When the first carton of French colonial reports that I was to sift through arrived on my desk at the Château de Vincennes, home of the French army’s historical archives, I thought the task before me was clear. I wanted to understand how colonial subjects came to form the nationalist movements that would confront the imperial state in the mid-twentieth century. I intended to extract information about nationalist protests in colonial Morocco from administrative and police reports and compile this information in a dataset that I would use to test hypotheses about the triggers of nationalist protest. It was a plan that I expected to be time consuming, particularly given the copious and meticulous documentation by French officials, but it was also, I thought, conceptually straightforward.

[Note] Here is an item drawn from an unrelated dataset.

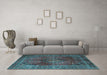 Machine Washable Medallion Light Blue Traditional Rug in a Living Room, wshtr1955lblu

And yet, as I began delving into monthly reports on early protest activity in Morocco, I found myself unable to answer the most basic question: what counts as a “nationalist” protest? A June 1936 report described a demonstration in Casablanca; thirty “nationalists” protested against a local moussem, or religious festival, on the grounds that such celebrations of local saints are not sanctioned by Islam. What made these protestors nationalist, I wondered? The following month saw a series of protests in the towns of Casablanca, Khourgiba, and Fes when French and Moroccan workers went on strike for better working conditions. Should this event count as nationalist, or does the participation of French workers make it distinctly non-nationalist? In Meknes, more than 400 demonstrators took to the streets in September 1937 to protest changes to the existing water-sharing arrangement; infuriated that the waters of the Oued Boufekrane were to be redirected for use by French settlers, protestors shouted, “Not one glass of water for the settlers!” Should this be coded as nationalist? In November 1937, protests spread; protestors in multiple towns demanded reform, including the right to free speech and the right to unionize, but no one spoke of independence. Were these protests nevertheless nationalist? In January 1944, protestors took to the streets across the country to demand an end to French rule and independence for the Moroccan nation. Were these the first protests that should be called nationalist or were the earlier ones nationalist, too?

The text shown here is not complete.